Nigel Farage’s triumph is not quite what it seems

Sir Stephen Houghton has led Barnsley council since 1996, outlasting eight prime ministers. On May 7th his reign came to an end. The Labour Party, which has run the council since its creation in 1973, was swept away by Reform UK. Sir Stephen was left to make despairing promises: “I’ll move out of the leader’s office, pick up the pieces and represent my residents the best way I can.”

Photograph: Getty Images
Photograph: Getty Images

Barnsley is just one of the northern towns in which Reform gave Sir Keir Starmer’s party a kicking. Labour supporters watched in horror as councillor after councillor in the party’s heartlands fell to Nigel Farage’s populist-right outfit. Eluned Morgan, first minister of Wales, was one of 35 Labour members to lose their seats in the Senedd, Wales’s devolved parliament—breaking a century-long winning streak. The trauma could cost Sir Keir his job.

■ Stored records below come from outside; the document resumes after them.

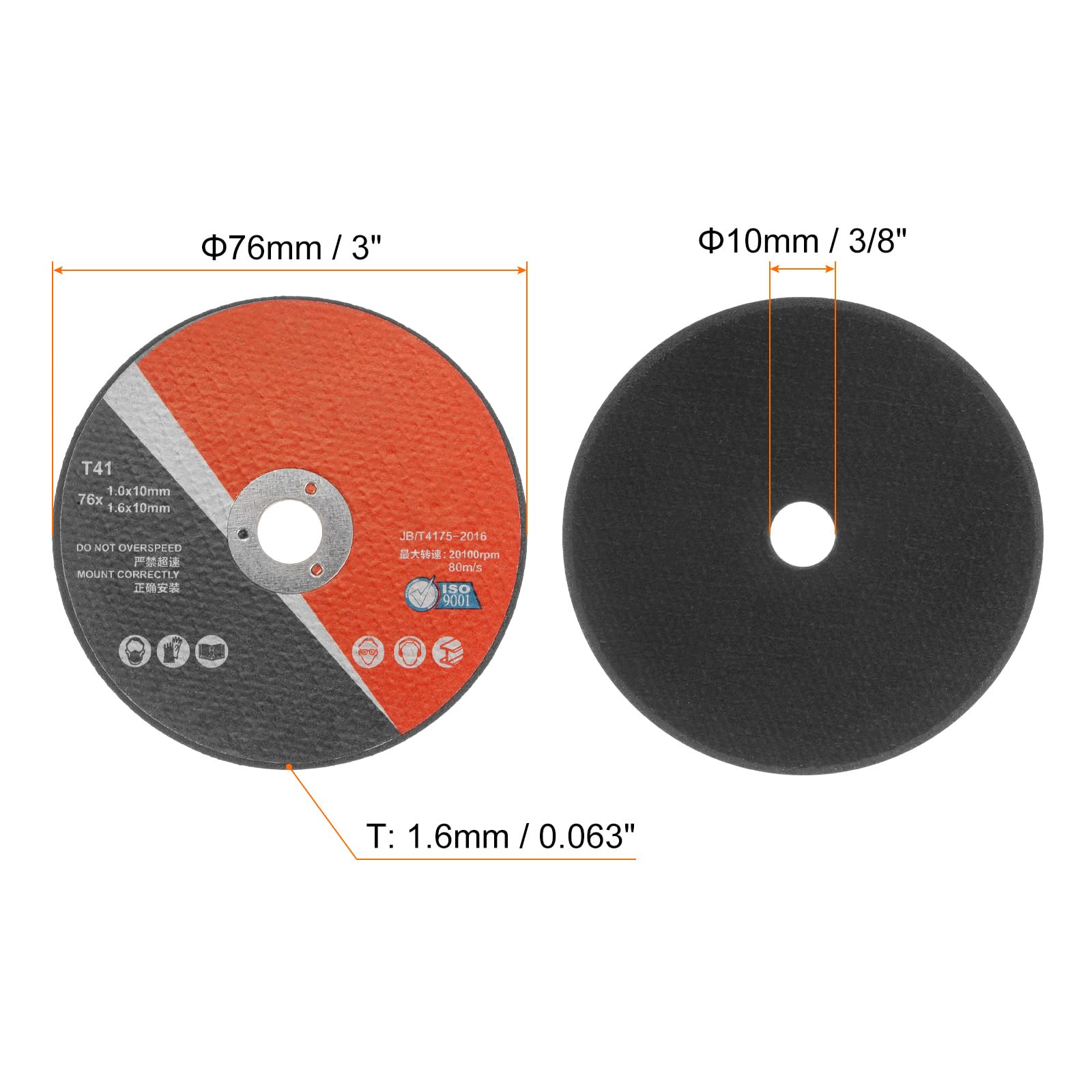 sourcing map 50uds Ruedas Corte Desbastadas 3" X 0.063" X 3/8" para Metal Delgado Acero Inoxidable Corte Rápido Y Limpio Disco Corte Ruedas Amolar para Amoladora Angular, Negro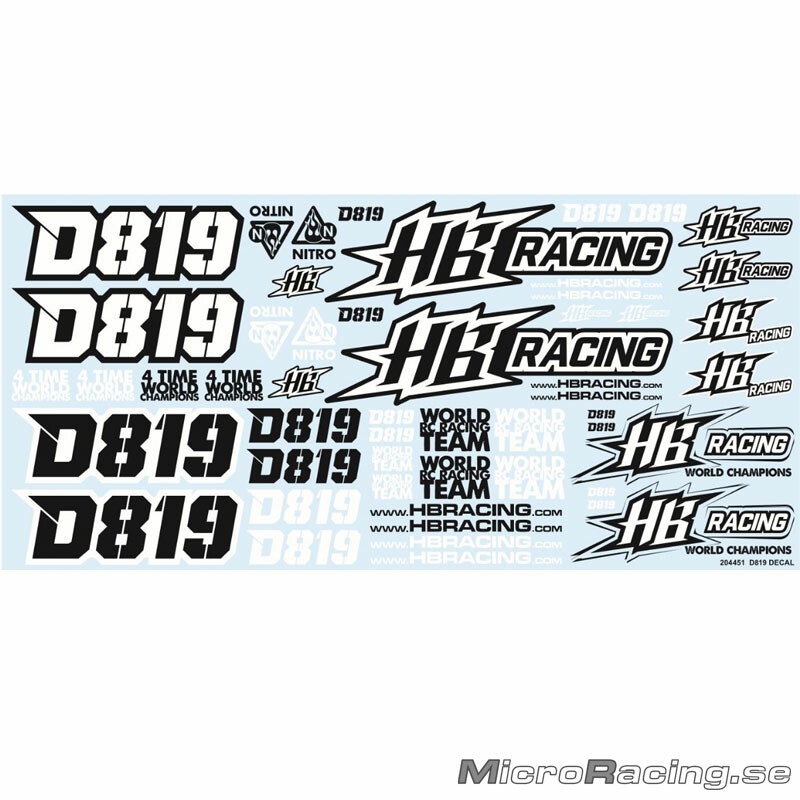 HB RACING - Decals, D819 - Black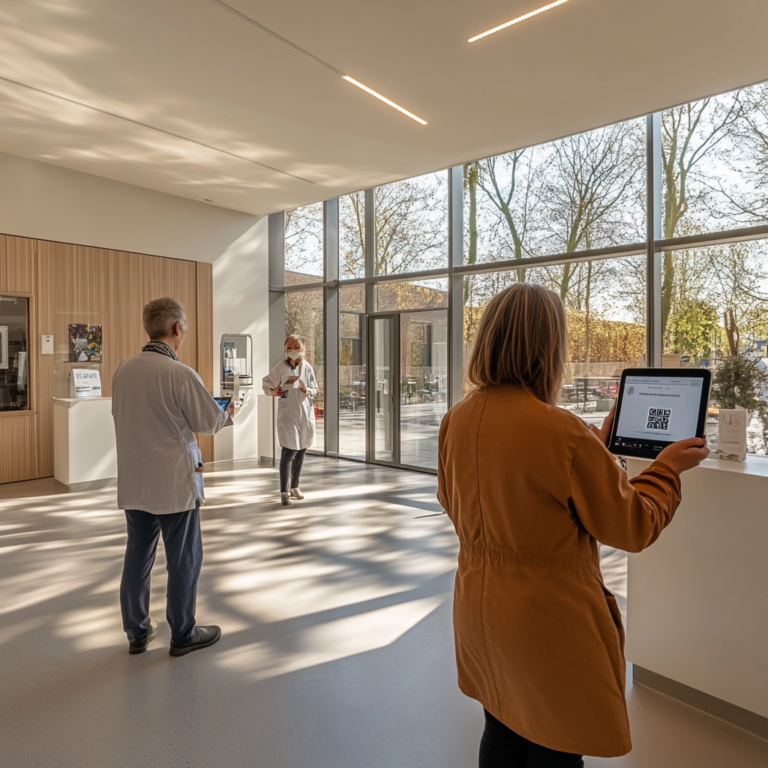 Een futuristisch kantoor met een grote glazen muur, waar een groep mensen rond een tafel zit. Op de tafel ligt een moderne holografische projector die een levendig 3D-beeld van een landschap toont. De sfeer is innovatief en vooruitstrevend, met high-tech gadgets zoals transparante monitors en interactieve touchscreens zichtbaar in de omgeving. De kleuren zijn helder en futuristisch, met een accent op blauw en zilver. Geen tekst of woorden in de afbeelding.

Since taking office in July 2024, Labour has shed support. For each voter who switched to Reform this time round, there are more who switched to the left-leaning alternatives. Many others will not have voted. Labour lost dozens of councillors to the Greens, particularly in young, urban areas. In Hackney—a thoroughly gentrified London neighbourhood—the eco-socialist party defeated Labour to gain its first elected mayor. Labour’s losses are so broad that no wing of the party seems to have a credible route to power, ironically making it harder to remove Sir Keir.

The other half of Britain’s crumbling duopoly also suffered substantial losses. Six Conservative county councils in the south of England changed hands. These covered large parts of the party’s traditional, rural power centres. In Essex, home of Kemi Badenoch, the party’s leader, the Tories lost 39 of their 52 councillors—mostly to Reform, which won 53 seats.

But Mr Farage fell short of his hopes to destroy the Conservatives entirely. The party remains the largest in Hampshire, a county in the south of England, and has so far won six boroughs in London, including Westminster, which it lost to Labour in 2022. Moreover, Reform’s victories are not quite the outright triumph they appear at first glance. The “National Equivalent Vote” is a measure produced by academics to estimate how Britons would have voted if local elections were held across the country. Early projections suggest Reform would have won 31% of the vote this time round. That is lower than the 32% it scored in elections last year. Indeed, it is lower than the 33% won by the Conservative Party in 2022, shortly before the party deposed Boris Johnson as prime minister. Reform may be the preferred party of a plurality of voters, but that is because the system as a whole is fragmenting.

Results in Wales show that Reform’s path to power is far from assured. In the country that Mr Farage once called his main priority, Plaid Cymru, a nationalist party, consolidated the centre-left vote and won 43 seats to Reform’s 34. “Stopping Reform UK” was the second most commonly cited reason for supporting Plaid, after a belief that the party is “standing up for Wales”. If centre-left voters across Britain can similarly be persuaded to co-ordinate to stop Reform, Mr Farage’s current support would be insufficient to form a government—a dash of hope for Labour on a bleak day.